Vlnr; Niels Deckers, Wilma Aerts en Jennifer Geiger.
In het onderwijs zijn er – in vergelijking met veel andere branches – veel vakantieperiodes. In die vrije weken zie je niet veel studenten of medewerkers in de Fontysgebouwen. Toch blijven de gebouwen wel open. Denk je eens in: hoeveel energie zou er bespaard worden als deze gebouwen écht dichtgaan tijdens deze onderwijsvrije periodes? Niels Deckers, Jennifer Geiger en Wilma Aerts vertellen over welke stappen zij binnen Fontys zetten om energiezuiniger te werk te gaan.
Vorig jaar sloot Fontys aan bij de overheidscampagne Zet ook de knop om. ‘We worden aan het denken gezet om bewust met energie om te gaan’, legt Niels uit. Hij is projectleider Facilities. ‘Met deze projectgroep hebben we onderzocht hoeveel energie we kunnen besparen als we met de onderwijsvrije periodes daadwerkelijk de gebouwen sluiten. Ook dachten we na over het eerder sluiten van panden.’
Het bedrag dat daarmee wordt bespaard? ‘Het is een beetje een ingewikkelde rekensom, omdat het niet alleen gaat om energiekosten, maar ook beveiligings- en schoonmaakkosten. Maar op jaarbasis gaat het waarschijnlijk om tonnen.’
Afstemmen
‘Dat bespaarde geld willen we graag weer terugstoppen in het onderwijs zelf’, vertelt Wilma, teamleider Support binnen Fontys Academy for the Creative Economy (ACE). Maar dat gaat niet zomaar van de een op de andere dag.
‘Het begint allemaal met samen te kijken naar wat er wel en niet mogelijk is.

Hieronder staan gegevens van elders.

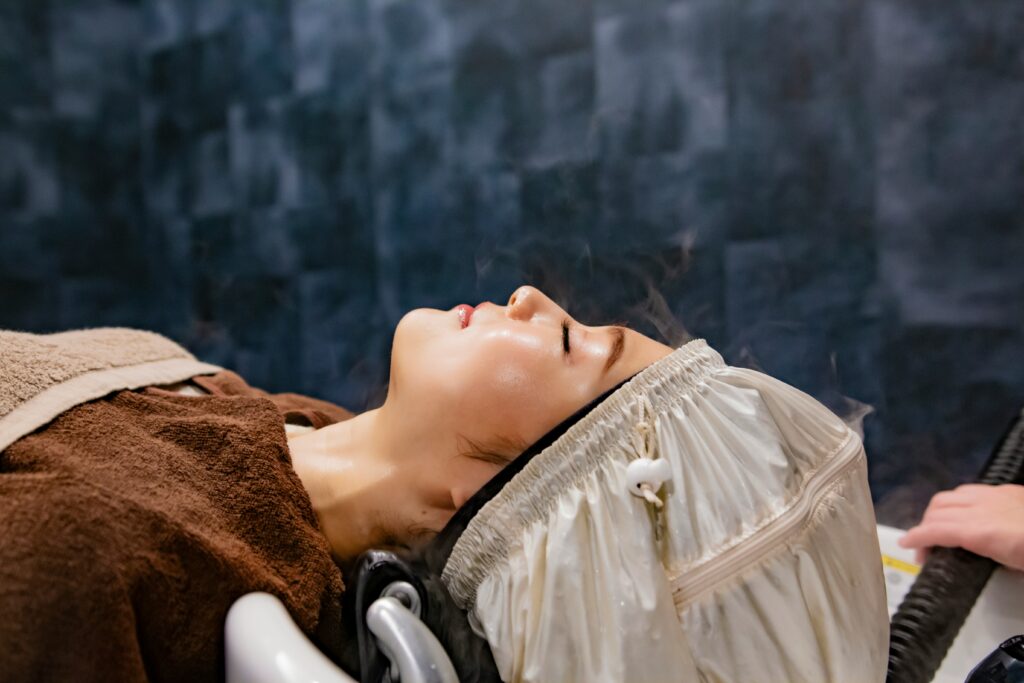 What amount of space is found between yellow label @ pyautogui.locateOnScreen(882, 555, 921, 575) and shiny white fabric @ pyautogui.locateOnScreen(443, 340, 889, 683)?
536mm

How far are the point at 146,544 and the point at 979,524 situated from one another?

Hier in Stappegoor, in gebouw P8, zijn meerdere instituten de bewoners van het pand. Die hebben allemaal weer ander onderwijs en dus ook andere wensen. Dat betekent dat je met elkaar vooruit moet kijken en plannen. Maar ik ben ervan overtuigd dat je met een gezamenlijke verantwoordelijkheid echt veel bereikt. We hebben waarschijnlijk allemaal hetzelfde doel: geen energie verspillen.’
Studenten op één
Een concreet voorbeeld van energiebesparing geeft Jennifer Geiger, manager Bedrijfsvoering Onderwijsbureau bij Fontys Engineering. ‘Op de deeltijdopleidingen hadden wij in het gebouw Nexus drie lesavonden gepland staan. Maar het is zonde om het hele pand alleen hiervoor telkens vier uur langer open te laten.’ De oplossing? Teruggaan naar twee in plaats van drie avonden.
‘Maar’, benadrukt Jennifer, ‘alleen op voorwaarde dat er een geschikt alternatief is voor de studenten. Want die staan altijd op nummer één. Wij hebben naar hen, zeker ook naar de internationale studenten, gecommuniceerd waar ze die ene avond wél terecht kunnen. Dat is in dit geval bij het pand aan de Rachelsmolen.’ Wilma sluit zich hierbij aan. ‘Studenten en medewerkers moeten zich altijd thuis blijven voelen.’
Samen doen: dat werkt
Aan het einde van dit kalenderjaar presenteert de projectgroep Zet ook de knop om zijn concrete plannen om energie te besparen door het gerichter openen van de Fontysgebouwen. Niels: ‘Volgend studiejaar willen we die plannen daadwerkelijk gaan uitvoeren, maar ook dit studiejaar zetten we al in op meer passende openingstijden in de avonduren en onderwijsvrije periodes.’
De eerste resultaten zijn er al: zo zijn er in de herfstvakantie al meerdere panden dicht geweest en is die ambitie er ook voor de kerstvakantie. Uit die eerste sluiting worden de nodige lessen getrokken. Niels: ‘Als we pas volgend studiejaar de meeste van onze panden gaan sluiten, leren we dan pas wat er niet goed gaat. Door stapsgewijs in de vakanties van dit studiejaar al enkele panden te sluiten kunnen we leren van wat er goed en minder goed gaat. Dat kunnen we dan weer toepassen op de volgende vakantiesluiting.’
Geen klachten
Zo bleken er tijdens de herfstvakantie geen klachten van bewoners: die wisten goed dat het pand dicht zou zijn. De enkeling die wel voor een gesloten deur stond is verwezen naar een ander pand dat wél open was. Voor het onderhoud aan de panden dat in onderwijsvrije periodes plaatsvindt – om het onderwijs zo min mogelijk tot last te zijn – was dat een iets ander verhaal. Zo was er onderhoud gepland waarvoor het pand werd geopend, maar wat uiteindelijk niet door bleek te gaan. ‘Een kwestie van goed samen plannen en vooruitkijken,’ zegt Niels.